While syrinx shunting can provide short-term relief, its effectiveness diminishes over time, especially if the underlying cause of syrinx formation is not addressed. Surgical cord untethering, although less invasive, may not be sufficient for larger syrinxes, necessitating additional procedures such as a direct syringotomy/myelotomy or terminal ventriculostomy. The evolution of surgical techniques has relegated shunting to a secondary role, highlighting the importance of addressing the primary pathology to ensure long-term success and prevent neurological deterioration.

In summary, surgical cord untethering is less invasive and targets the underlying tethering that contributes to syrinx formation. Studies indicate significant improvements in many cases; although, some variability in clinical and radiographic results exists. Larger syrinxes, those with a syrinx index greater than 0.5–0.6, are less likely to resolve with untethering alone and may require additional procedures to directly address the syrinx. Combined procedures, such as a concomitant direct syringotomy/myelotomy or terminal ventriculostomy and spinal cord untethering, have shown better resolution rates and clinical improvements compared to untethering alone. Historically, in the 1990s, syrinx-shunting approaches including syringo-subarachnoid, syringo-pleural, and syringo-peritoneal shunts were employed earlier in treatment, but improvements in surgical techniques for spinal cord tethering have since made shunting a secondary option. Long-term follow-up shows a 50% failure rate over 10 years if the primary cause is not addressed. Therefore, shunt operations for syringomyelia are considered a last resort when other measures fail and syringomyelia threatens neurological function.

4. Discussion

4.1. Therapeutic Approaches for Syrinx Associated with Tethered Cord Syndrome

4.1.1. Surgical Cord Untethering Alone

The initial therapeutic approach for syringomyelia associated with TCS often involves the observation of the syrinx following surgical untethering of the spinal cord. The rationale is that untethering can alleviate mechanical stress and improve CSF dynamics, potentially resolving the syrinx. The outcomes of surgical cord untethering alone for syrinx management are notably controversial, with a range of clinical and radiographic results reported. Statistically significant decreases in syrinx size postoperatively have been documented in some studies, indicating potential effectiveness (p < 0.05). However, the variability in radiographic outcomes is substantial, with 28% to 75% of cases showing no radiographic change in syrinx size post-surgery.

A detailed analysis of 128 cases from four retrospective studies over an average follow-up period of 3.6 years showed that syrinx resolution or improvement occurred in approximately 45% of cases, while 47% of cases showed no change, and 4% experienced a worsening of the syrinx index. This wide range of outcomes highlights the unpredictable nature of surgical cord untethering alone and suggests the need for more consistent and possibly combined treatment approaches. In a study of TCS patients, Rakip, et al. divided the patients into Group I (pediatric, n = 34) and Group II (adult, n = 20), and investigated the clinical and radiological characteristics of syringomyelia and other anomalies in pediatric and adult patients with TCS. They performed untethering surgery for all and syrinx drainage only for one patient. The syrinx outcomes in Group I and Group II were reported in terms of improved (44.4% vs. 50%), complete resolution (18.6% vs. 37.5%), and unchanged (37.5% vs. 12.5%), in each group respectively. When comparing preoperative versus postoperative improvement of the syrinx index in cases where the SI had decreased, they reported SI changes of (0.21 ± 0.15–0.14 ± 0.15) in Group I and (0.12 ± 0.17–0.05 ± 0.04) in Group II, with a significant p-value for both groups (p < 0.05). However, of these patients, 37% of the 27 patients with syringomyelia in Group I and 12.5% of 8 patients in Group II showed no change in the syrinx size.
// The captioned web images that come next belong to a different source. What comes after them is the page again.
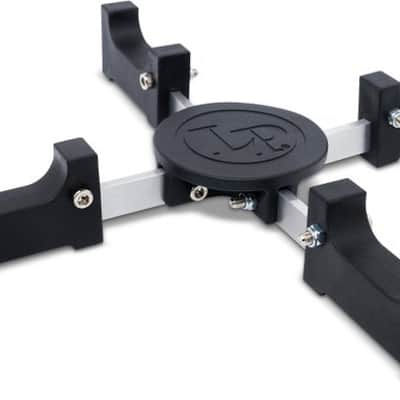 Latin Percussion Collapsible Conga Riser image 2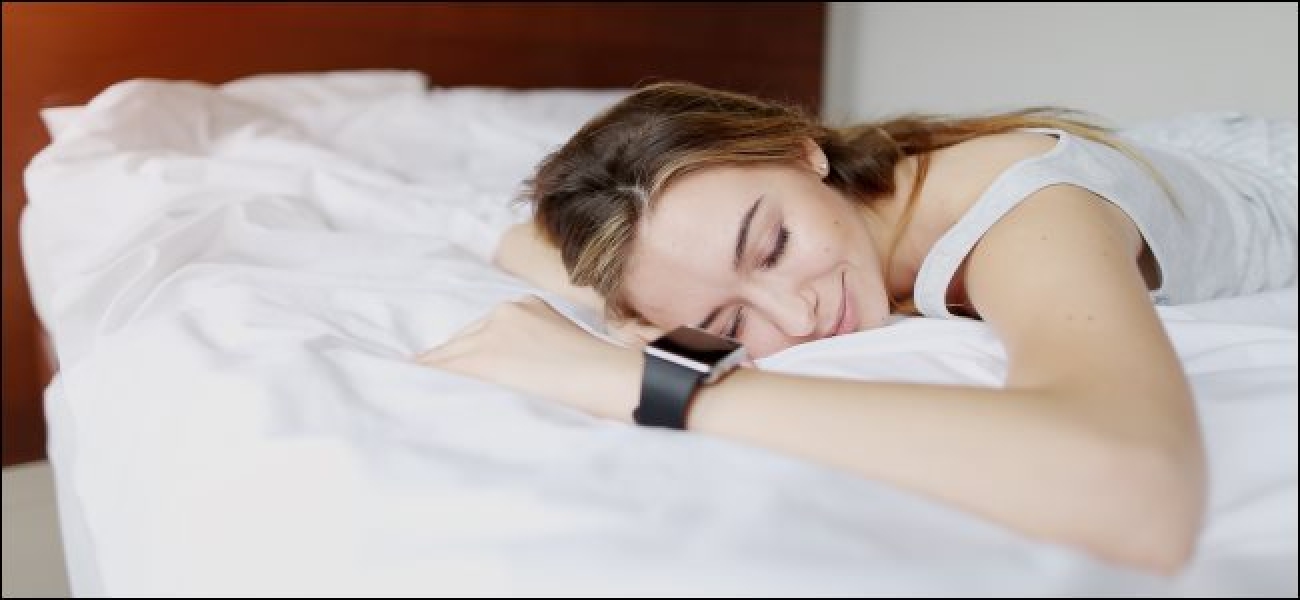 Apakah Benar-Benar Layak Melacak Tidur Anda?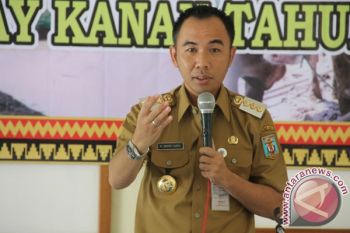 Bupati: Tidak ada jual beli jabatan di Waykanan
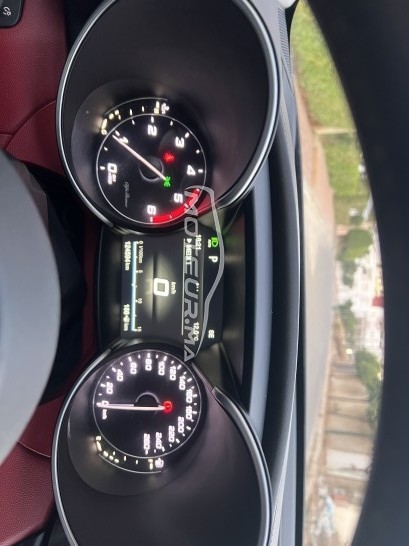 ألفا روميو جيوليا Veloce مستعملة 2869571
The adult group experienced fewer and milder symptoms and showed better surgical outcomes than the pediatric group [23].

In a study of 25 cases of syrinxes associated with TCS who underwent untethering surgery, Bruzek, et al. reported no significant postoperative changes in the length and width of syrinx; the average syrinx length increased by 0.86 ± 4.36 vertebral levels and width decreased by 0.72 ± 2.94 mm. Forty-eight percent of these cases showed no change in postoperative syrinx size [2]. Similarly, Kulwin, et al. reported no change in postoperative syrinx size in 77% of 16 cases of TCS with syringomyelia who underwent untethering of the cord. The preoperative average syrinx diameter (3.7 mm) indicated a trivial change (3.6 mm) postoperatively [21]. On the other hand, the study conducted by Lee, et al. on 33 cases of TCS with syringomyelia shows that untethering alone, in TCS with syringomyelia associated with OSD, is an effective management strategy and has favorable postoperative clinical and radiological outcomes. However, 28% of these cases did not show any changes in the size of syrinx during postoperative follow-up [20].

In summary, the analysis of postop syrinx outcomes in 128 cases over an average follow-up of 3.6 years in four retrospective studies that underwent surgical cord untethering alone indicated complete resolution/improvement, unchanged, and worsened syrinx index in 45 ± 21.1%, 47 ± 20.4%, and 4.0 ± 8% of the cases respectively [2,20,21,23]. While the relationship between a spinal cord syrinx and its primary pathology (e.g., Chiari-associated syrinxes) is well understood, the response of spinal cord syrinxes to surgical intervention for a tethered cord remains unclear [2]. Some authors have reported a lack of or insignificant correlation between clinical improvement and the radiographic resolution of the syrinx following interventions for tethered cord release [2,21]. Bruzek et al. have reported the long-term outcomes for patients with syrinxes who underwent either primary or secondary untethering operations for closed SD. In their cohort of 25 patients with syrinxes who underwent cord untethering, the authors concluded that in patients undergoing either primary or secondary untethering procedures for closed SD, the size of the syrinx did not consistently change, nor was there a correlation between changes in syrinx size and clinical improvement. The authors suggest that for patients with a tethered cord and syrinx, the decision to operate should prioritize symptoms related to the tethered cord and the primary SD rather than the presence of the syrinx, as they saw no clear evidence of syrinx size improvement following surgery [2]. Similarly, in a report on 16 patients with clinical symptoms of TCS and radiologic evidence of syrinxes which showed clinical improvement in all cases, only 25% indicated radiographic improvement in the syrinx, and only 2 (12.5%) had resolution of the syrinx. However, limited evidence has been reported on syrinx resolution after surgical cord untethering [21].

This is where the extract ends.